#### [YOUR OBJECTIVE]
Every line of the listing must be reproduced as it stands. Leave the images behind.

#### [COLLECTED DATA]
══════════

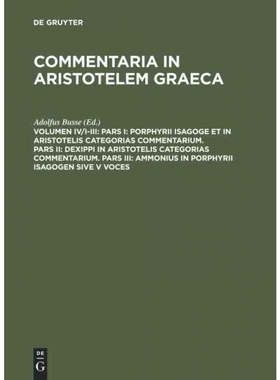 预订DEG Pars I: Porphyrii Isagoge et in Aristotelis Categorias commentarium. Pars II: Dexippi in Aristot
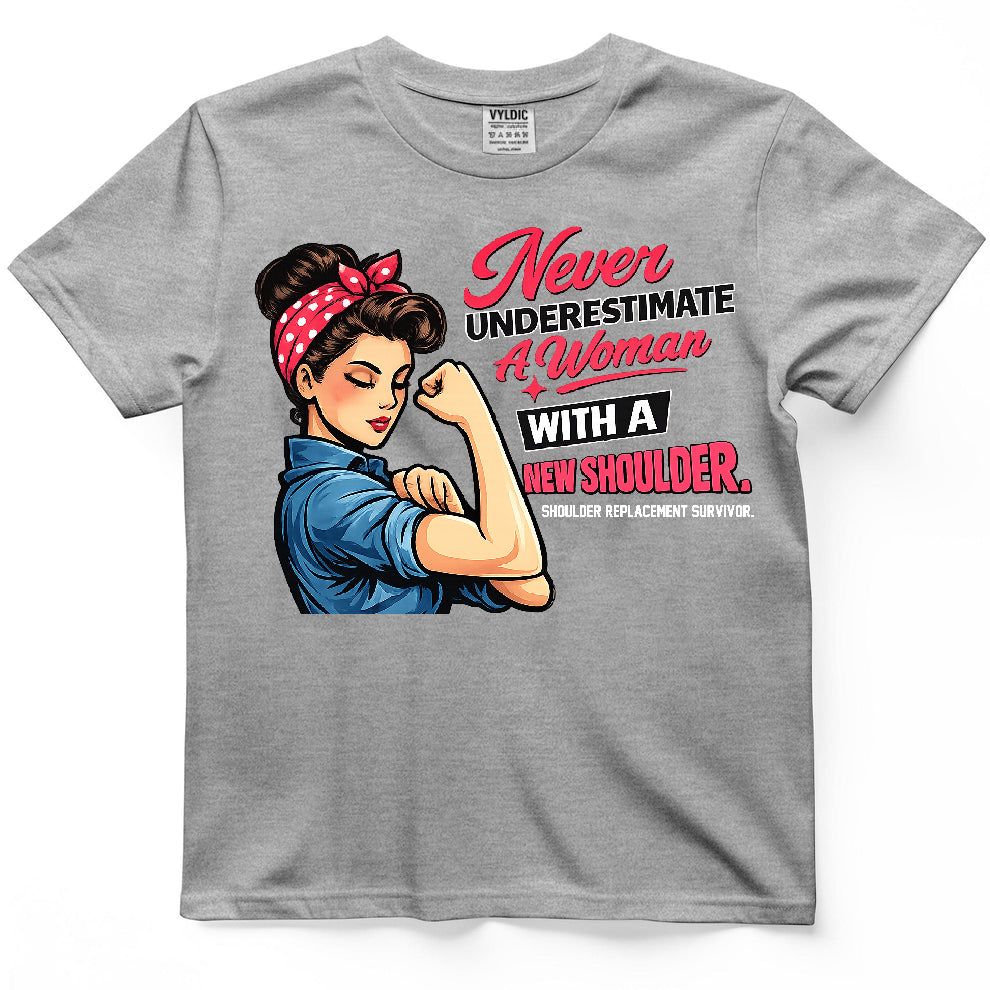 Never Underestimate A Woman With A New Shoulder Shirt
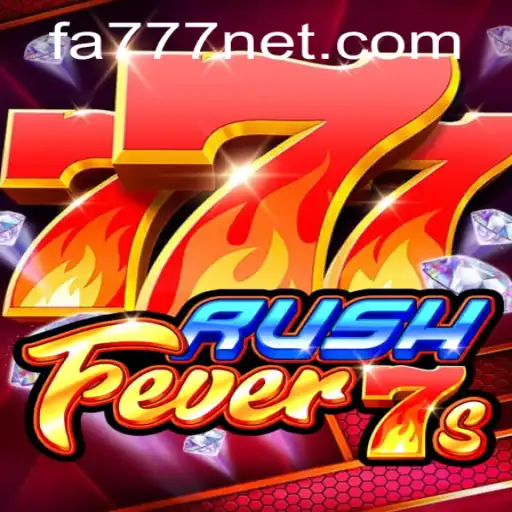 RushFever7s: The Ultimate Gaming Experience with FA777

══════════

#### [ANSWER TO THE EXERCISE]
 预订DEG Pars I: Porphyrii Isagoge et in Aristotelis Categorias commentarium. Pars II: Dexippi in Aristot
 Never Underestimate A Woman With A New Shoulder Shirt
 RushFever7s: The Ultimate Gaming Experience with FA777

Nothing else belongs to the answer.